Seems every week there is more bad news on the condition of the oceans. For those of us who eat a lot of seafood its disconcerting to hear we may be eating plastic soup with every meal.I guess its true everything eventually does wind up in the ocean. How is this affecting the food we harvest from the sea? It cant be good for our health.

http://www.dailykos.com/story/2014/...out-100-000-000-000-000-Particles-of-Plastic#


----------



## BrotherBart (May 24, 2014)

Water full of plastic and fish poop. No wonder I don't eat much fish.


----------



## begreen (May 24, 2014)

Cows are not safe either.

http://www.ibtimes.com/beef-recall-...r-plastic-found-national-school-lunch-program


----------



## BrotherBart (May 24, 2014)

Koo Koo Ka Choo Mrs. Robinson.


----------



## BrotherBart (May 24, 2014)

begreen said:


> Cows are not safe either.



At least they are smart enough not to eat the dang stuff.


----------



## begreen (May 25, 2014)

I wouldn't bet on that.
http://www.itla.net/longhorn_information/index.cfm?con=plastic
http://www.cattletoday.com/forum/viewtopic.php?f=7&t=53494


----------



## Doug MacIVER (May 25, 2014)

people stupid or lack common sense


----------



## woodgeek (May 25, 2014)

Ok.  Cattle can die when they eat plastic twine, and there are approximately 200,000,000,000,000 pieces of *microscopic* plastic lint fibers frozen in artic sea ice.  Same stuff you pull out of your dryer every week.  (article drops 3 zeros in headline)

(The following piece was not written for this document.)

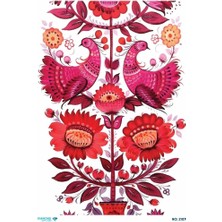 Diamond Pirinç Dekopaj Kağıdı - 2107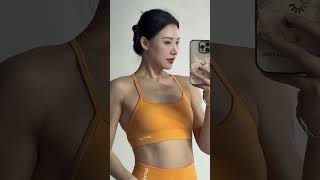 Chinese Girl Gym Workout 1118 Asian Fitness Model Inspiration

Cows will get impacted by eating lint fibers from melting sea ice?


----------



## Where2 (May 25, 2014)

Doug MacIVER said:


> people stupid or lack common sense


...to deal with glass bottles. Remember the days when you cut your feet open at the beach on all the pop top tabs and bottle caps littering the shore?


----------



## My Oslo heats my home (May 25, 2014)

recycling seems like a hassle to most people in these fast paced times.


----------



## Seasoned Oak (May 25, 2014)

No matter how polluted water may get , rainwater has the benefit of a complete cleansing with each rain/evaporation cycle. Only danger there is air pollution getting picked up on the way down. Luckily the air in the US seems to be getting cleaner, but we now get pollutants from china and asia traveling east. The ocean on the other hand will have this plastic problem and pollution for many generations to come.


----------



## Doug MacIVER (May 25, 2014)

Seasoned Oak said:


> No matter how polluted water may get , rainwater has the benefit of a complete cleansing with each rain/evaporation cycle. Only danger there is air pollution getting picked up on the way down. Luckily the air in the US seems to be getting cleaner, but we now get pollutants from china and asia traveling east. The ocean on the other hand will have this plastic problem and pollution for many generations to come.

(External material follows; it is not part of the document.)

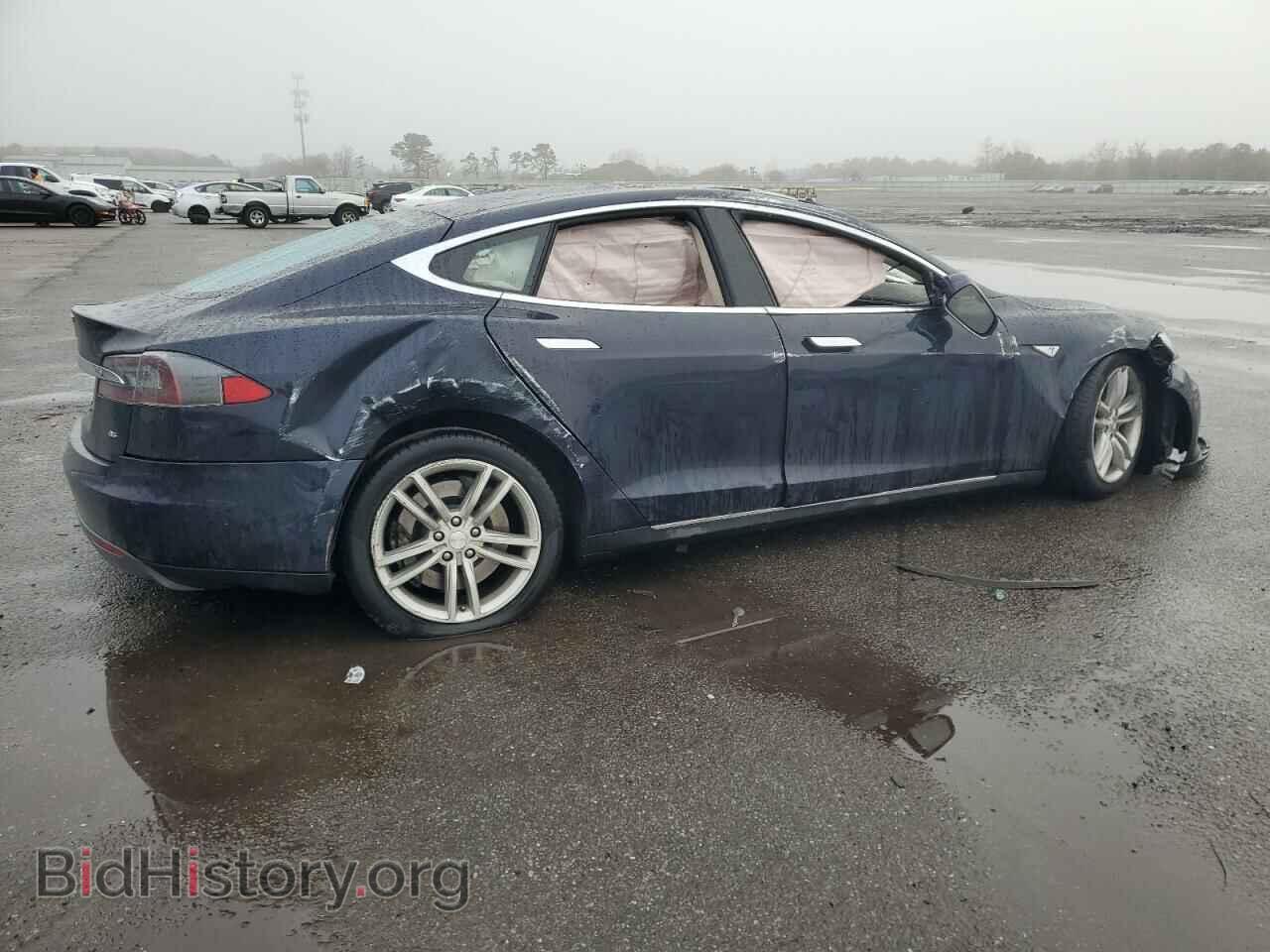 2014 TESLA MODEL S - VIN: 5YJSA1H13EFP41812 - Photo 3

remember acid rain? we shouldn't have any fresh water life by now! still there but corrected the ph  and probably over hyped, still a positive for mother nature and man . ever try to grow grass under an oak? plastic disposal is human lazzzzzzzzzzzzzzziness showing! hanover, mass. still has yet to have mandatory recycling?


----------



## woodgeek (May 25, 2014)

Acid rain didn't magically go away.  It went away because of govt mandated reductions in SO2 emission, billions of dollars in scrubbers, refinery refits, finding different coal sources, a process that is still underway with ULSD.  I guess it was a bunch of hype.  You don't hear much about that ozone hole thing anymore either, whats up with that?

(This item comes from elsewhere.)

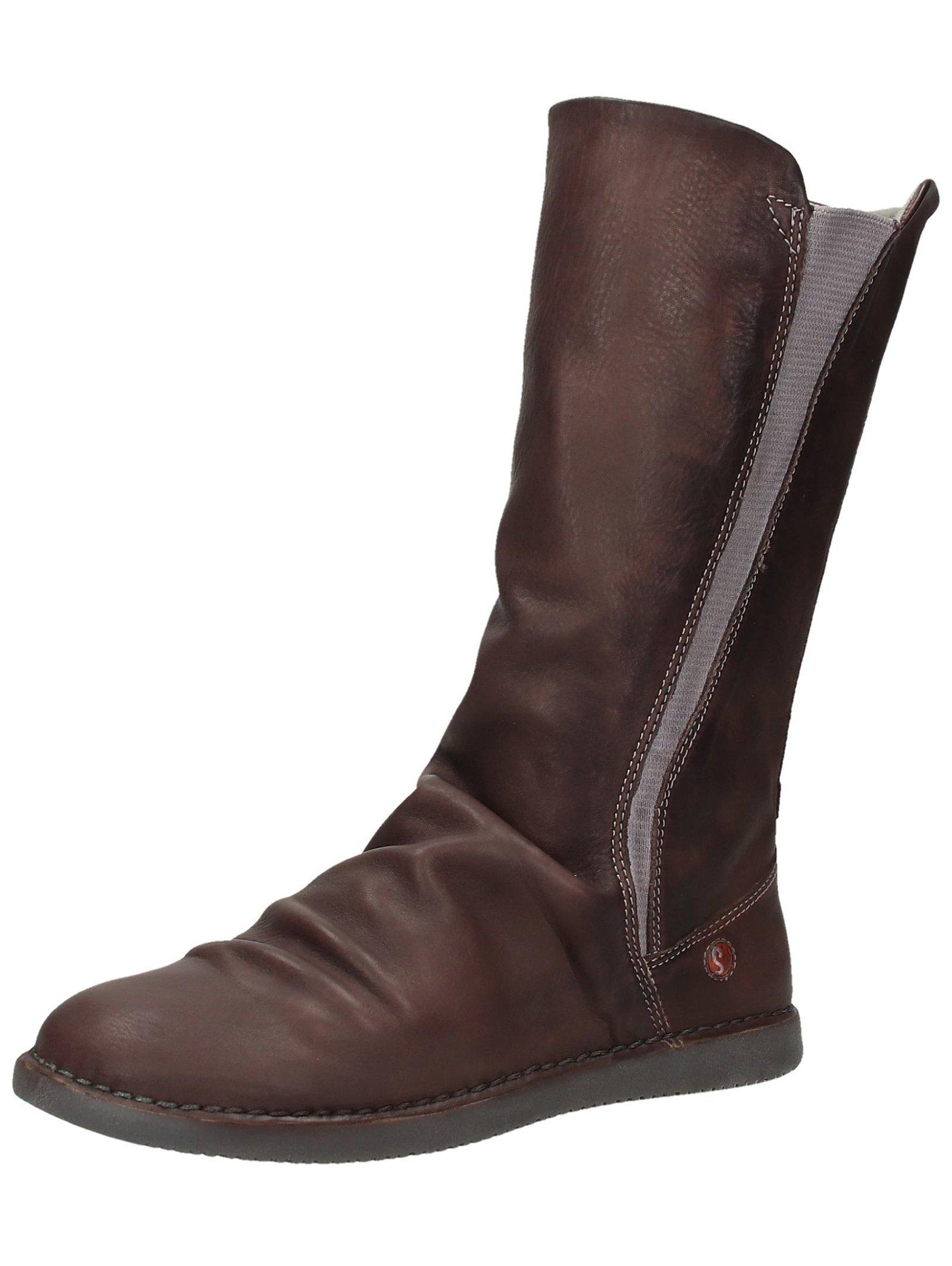 Stiefel P900328 Damen Braun 38 von softinos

Had some copper flashing put on my roof a few years ago.  Darn stuff turned brown instead of green.  Apparently not enough SO2 in the air these days to make it turn green.


----------



## Doug MacIVER (May 25, 2014)

we have recycled since the 1950's on. boxes, unless destroyed. each one used saves $. steel screen from stihl face sceens $. cardboard $ (from disposal). leather offal to polish stainless chain  $, poly foam to foam recycle no $ ($ for no disposal).


----------



## Doug MacIVER (May 25, 2014)

woodgeek said:


> Acid rain didn't magically go away.  It went away because of govt mandated reductions in SO2 emission, billions of dollars in scrubbers, refinery refits, finding different coal sources, a process that is still underway with ULSD.  I guess it was a bunch of hype.  You don't hear much about that ozone hole thing anymore either, whats up with that?
> 
> Had some copper flashing put on my roof a few years ago.  Darn stuff turned brown instead of green.  Apparently not enough SO2 in the air these days to make it turn green.


never implied it's magic


----------



## Doug MacIVER (May 25, 2014)

Hollywood doing it's part adding?


----------



## Seasoned Oak (May 25, 2014)

Streams and waterways are getting progressively cleaner around here. The local sewer auth is currently building a new (GIANT $40 million project) Sewer plant  to deal with new Govt mandates on nitrogen. I guess its a good thing despite the high cost for such a small town. Local coal operators still pollute streams legally with regularity.They discharge their black water at night so it dont look so bad.


----------



## begreen (May 25, 2014)

My Oslo heats my home said:


> recycling seems like a hassle to most people in these fast paced times.


Not true. It takes collective will and a good system. Seattle is doing well at recycling in these fast paced times. They recycle about 60%! of all trash now. And much of Europe including Paris is good at recycling. Actually all of France. They have a national recycling program.  Make it simple, cheap and ubiquitous and it will happen. Why pay for expensive garbage collection when recycling is free?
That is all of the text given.